● Collected material:
+++

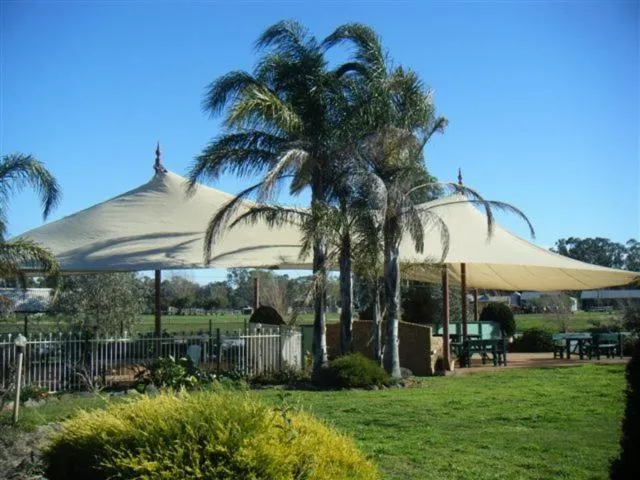 BBQ facilities in Paradise Lakes Motel Shepparton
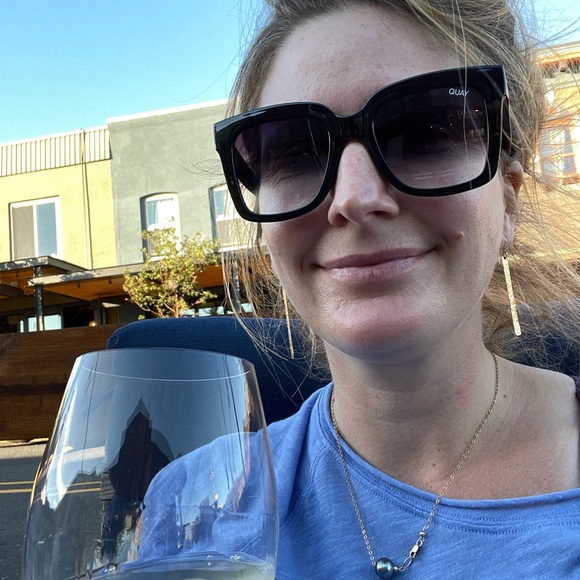 Meet your Posher, Lily - Picture 1 of 1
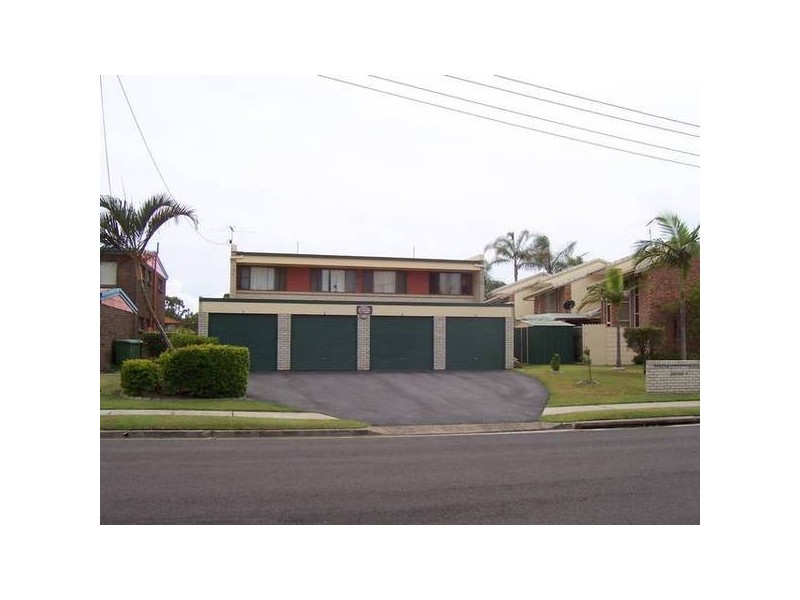1/6 Akeringa Place, Mooloolaba QLD 4557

+++

● What to do: Write out verbatim the lines from the one containing "Meet your Posher, Lily - Picture 1 of 1" through the last line of the listing above, and no other lines; omit pictures.

● Output:
 Meet your Posher, Lily - Picture 1 of 1
1/6 Akeringa Place, Mooloolaba QLD 4557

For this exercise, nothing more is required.